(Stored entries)
[Start of section]
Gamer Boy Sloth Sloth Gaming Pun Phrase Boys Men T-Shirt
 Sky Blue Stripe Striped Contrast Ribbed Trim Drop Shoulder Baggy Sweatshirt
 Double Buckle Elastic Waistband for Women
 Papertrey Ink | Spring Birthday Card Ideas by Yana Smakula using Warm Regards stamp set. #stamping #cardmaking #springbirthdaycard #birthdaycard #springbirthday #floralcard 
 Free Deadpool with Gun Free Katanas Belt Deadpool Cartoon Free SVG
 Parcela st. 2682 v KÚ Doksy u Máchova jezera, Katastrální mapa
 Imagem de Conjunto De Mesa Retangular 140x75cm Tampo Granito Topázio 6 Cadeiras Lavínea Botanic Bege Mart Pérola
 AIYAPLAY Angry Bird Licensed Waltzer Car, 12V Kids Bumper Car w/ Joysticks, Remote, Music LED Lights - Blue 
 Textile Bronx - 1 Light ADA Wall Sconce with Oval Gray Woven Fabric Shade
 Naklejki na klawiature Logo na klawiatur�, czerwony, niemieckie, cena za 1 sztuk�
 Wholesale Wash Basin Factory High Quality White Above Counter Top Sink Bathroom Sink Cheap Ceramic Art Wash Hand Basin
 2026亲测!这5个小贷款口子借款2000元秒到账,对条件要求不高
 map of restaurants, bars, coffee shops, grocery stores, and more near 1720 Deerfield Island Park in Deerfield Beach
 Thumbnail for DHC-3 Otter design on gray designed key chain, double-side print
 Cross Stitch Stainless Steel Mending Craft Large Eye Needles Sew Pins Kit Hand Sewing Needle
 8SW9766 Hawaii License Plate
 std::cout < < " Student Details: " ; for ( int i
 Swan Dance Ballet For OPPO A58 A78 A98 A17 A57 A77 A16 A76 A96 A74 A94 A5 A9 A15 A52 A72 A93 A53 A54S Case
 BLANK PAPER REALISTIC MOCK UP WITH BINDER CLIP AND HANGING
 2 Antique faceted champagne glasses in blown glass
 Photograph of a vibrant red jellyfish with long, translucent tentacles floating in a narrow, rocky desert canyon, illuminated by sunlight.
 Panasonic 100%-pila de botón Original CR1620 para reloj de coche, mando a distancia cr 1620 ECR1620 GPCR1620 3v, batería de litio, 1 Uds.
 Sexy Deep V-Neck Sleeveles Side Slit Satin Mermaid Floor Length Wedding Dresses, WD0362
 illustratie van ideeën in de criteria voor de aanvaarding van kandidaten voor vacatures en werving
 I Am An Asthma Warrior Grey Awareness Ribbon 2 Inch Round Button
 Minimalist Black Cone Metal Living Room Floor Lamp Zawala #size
[End of section]
=== Prompt ===
Only the final stretch of the entries above is needed: print exactly the lines from the line containing "Double Buckle Elastic Waistband for Women" through the last one.

=== Task response ===
 Double Buckle Elastic Waistband for Women
 Papertrey Ink | Spring Birthday Card Ideas by Yana Smakula using Warm Regards stamp set. #stamping #cardmaking #springbirthdaycard #birthdaycard #springbirthday #floralcard 
 Free Deadpool with Gun Free Katanas Belt Deadpool Cartoon Free SVG
 Parcela st. 2682 v KÚ Doksy u Máchova jezera, Katastrální mapa
 Imagem de Conjunto De Mesa Retangular 140x75cm Tampo Granito Topázio 6 Cadeiras Lavínea Botanic Bege Mart Pérola
 AIYAPLAY Angry Bird Licensed Waltzer Car, 12V Kids Bumper Car w/ Joysticks, Remote, Music LED Lights - Blue 
 Textile Bronx - 1 Light ADA Wall Sconce with Oval Gray Woven Fabric Shade
 Naklejki na klawiature Logo na klawiatur�, czerwony, niemieckie, cena za 1 sztuk�
 Wholesale Wash Basin Factory High Quality White Above Counter Top Sink Bathroom Sink Cheap Ceramic Art Wash Hand Basin
 2026亲测!这5个小贷款口子借款2000元秒到账,对条件要求不高
 map of restaurants, bars, coffee shops, grocery stores, and more near 1720 Deerfield Island Park in Deerfield Beach
 Thumbnail for DHC-3 Otter design on gray designed key chain, double-side print
 Cross Stitch Stainless Steel Mending Craft Large Eye Needles Sew Pins Kit Hand Sewing Needle
 8SW9766 Hawaii License Plate
 std::cout < < " Student Details: " ; for ( int i
 Swan Dance Ballet For OPPO A58 A78 A98 A17 A57 A77 A16 A76 A96 A74 A94 A5 A9 A15 A52 A72 A93 A53 A54S Case
 BLANK PAPER REALISTIC MOCK UP WITH BINDER CLIP AND HANGING
 2 Antique faceted champagne glasses in blown glass
 Photograph of a vibrant red jellyfish with long, translucent tentacles floating in a narrow, rocky desert canyon, illuminated by sunlight.
 Panasonic 100%-pila de botón Original CR1620 para reloj de coche, mando a distancia cr 1620 ECR1620 GPCR1620 3v, batería de litio, 1 Uds.
 Sexy Deep V-Neck Sleeveles Side Slit Satin Mermaid Floor Length Wedding Dresses, WD0362
 illustratie van ideeën in de criteria voor de aanvaarding van kandidaten voor vacatures en werving
 I Am An Asthma Warrior Grey Awareness Ribbon 2 Inch Round Button
 Minimalist Black Cone Metal Living Room Floor Lamp Zawala #size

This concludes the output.